My preference lies with non-philatelic trans-atlantic mail.


The earliest cover I have is this registered cover from the USA to Belgium, dated January 10 1930. 



This postcard was posted from Bremen on January 15 1930, the return voyage of the USA-Belgium registered cover shown above

The abbreviation “D. Bremen N.D.L.” means  “Dampfer (steamer) Bremen, Nord-Deutscher Lloyd”. The note is interesting. The writer says “will land Friday”. The card is postmarked January 15 which was a Wednesday, indicating that the card was posted half way through the journey, and accordingly would not arrive before the writer had landed in New York, as no catapult mail flight has been recorded for this voyage


Circular date stamps were also used, as shown on this postcard dated May 3 1932


It has a CDS cancel which translates to “German-American Seapost, Bremen New York, Steamer Bremen”

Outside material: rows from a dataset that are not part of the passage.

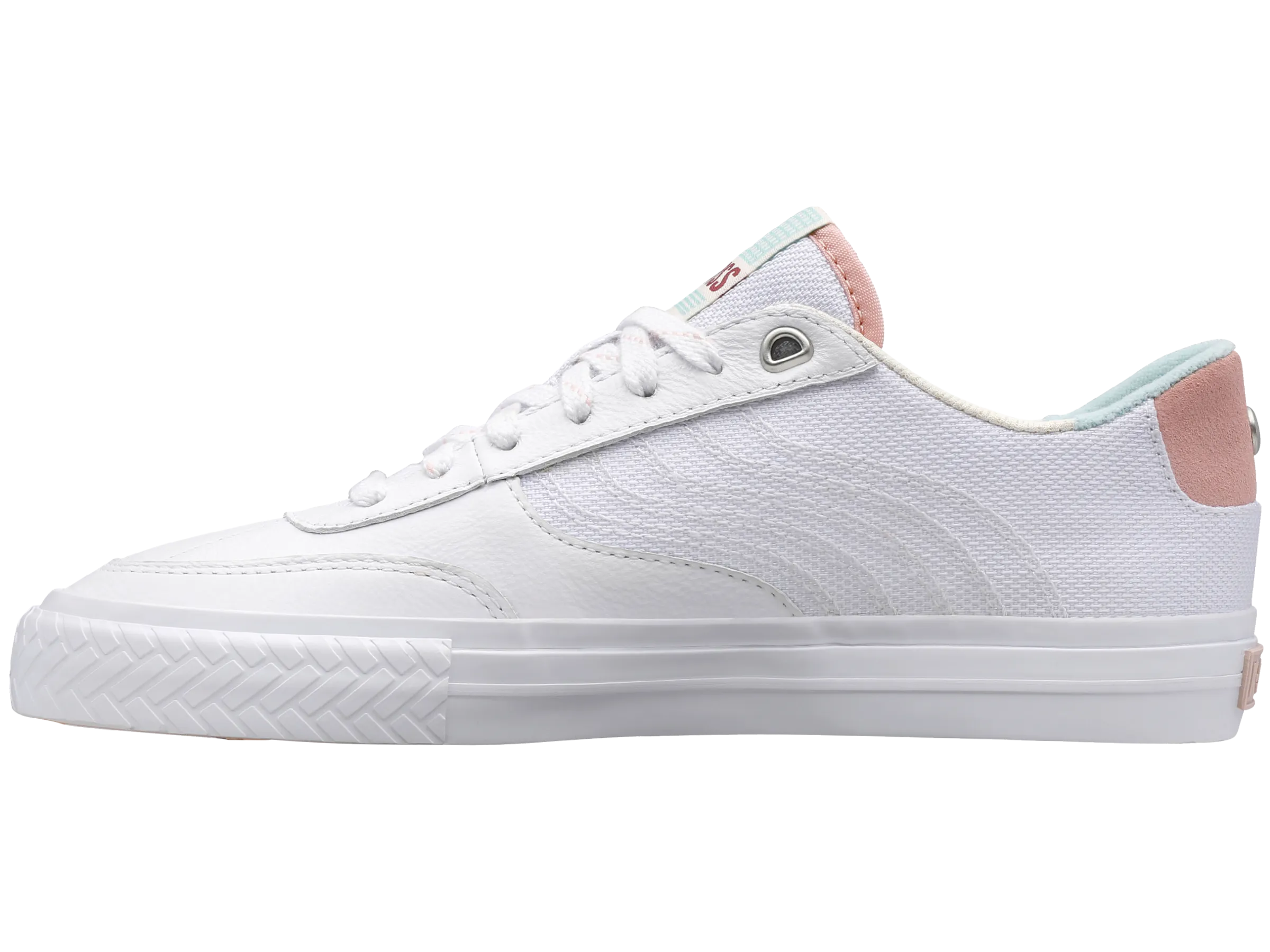 97156-144-M | Wrapsnap Classic | White/Peachy Keen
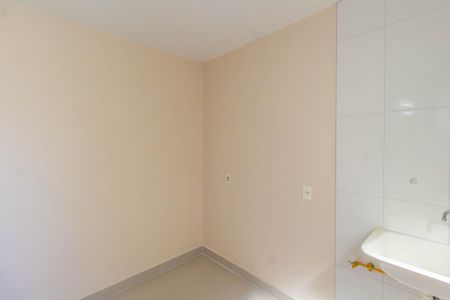 Apartamento para alugar com 55m², 2 quartos e sem vagaCozinha e Área de Serviço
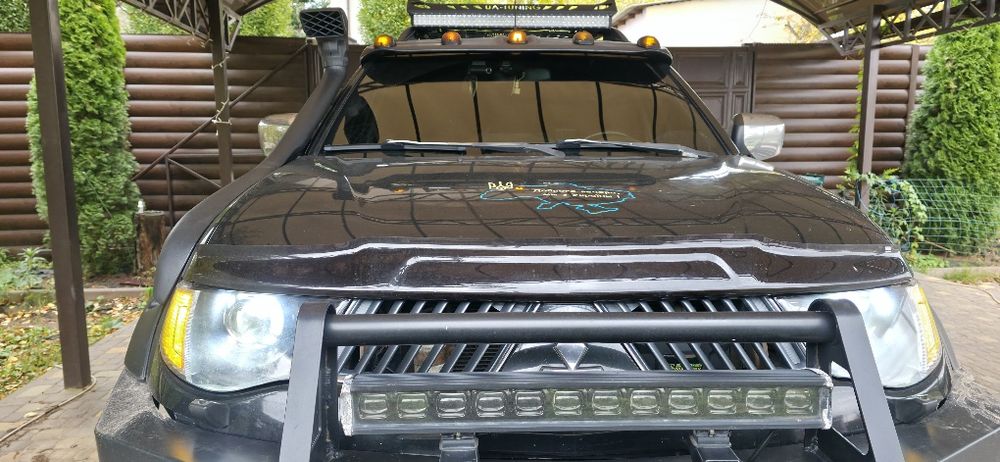 Продам пикап l 200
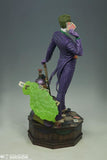 Batman - Joker Super Powers Maquette - Premium Statue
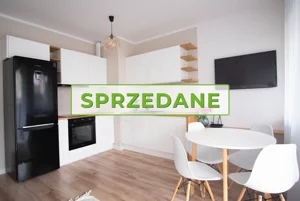 Mieszkanie dwupokojowe 39,48 m², Białystok, Jurowiecka, Sprzedaż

Most covers can be found with manuscript or hand-stamped cachets. 

A 1931 cover from France  to Connecticut


and a British cover from Bexhill-on-Sea to California, postmarked 2 May 1933, both show manuscript "via SS Bremen"


Both of these covers would have been landed in New York and forwarded to their destinations. Unfortunately, neither have any other postal markings.

On 24 January 1936, someone at the Gladstone Hotel on East 52nd Street and Park Avenue, New York, really wanted this letter to make the ship. Franked with 5c postage, it has an additional 10c Special Delivery stamp, with the notation "By Special Delivery to SS Bremen, Pier 86, Foot 44th Street, NY", heavily underlined in red


The cover made the ship, as it was received in Berlin on 1 February.

This single-ring cachet is the only one I have seen. Postmarked at Wesermunde-Geestemunde, a district of Bremerhaven on 2 July 1936, and addressed to California


This double-line handstamp was applied in Berlin on 1 October 1936, "Via Bremerhaven S/S Bremen" and addressed to New York


These Great Britain Coronation covers of 1937 would have been in the same sacks of mail



The final cruise of the SS Bremen left New York on 22 August 1939, just days before the outbreak of World War II. The latest cover I have is this one from New York, postmarked May 7 1938, addressed to Berlin, appropriately franked with the 5c Naval Academy issue


The SS Bremen was featured on one of the promotional cinderella labels for the 3rd London Stamp Exhibition, 21-28 January 1939


and in 2004, the 75th Anniversary of the SS Bremen winning the Blue Riband speed record, Germany issued a superb stamp showing the Bremen in front of the Manhattan skyline


What became of the SS Bremen? She was pressed into military service at the outbreak of World War II.

After a short and somewhat inglorious wartime career as a barrack ship, the Bremen was destroyed by fire in 1941, broken up in 1946 and sold for scrap

A sad end to a long and successful career in the heyday of trans-atlantic steam travel.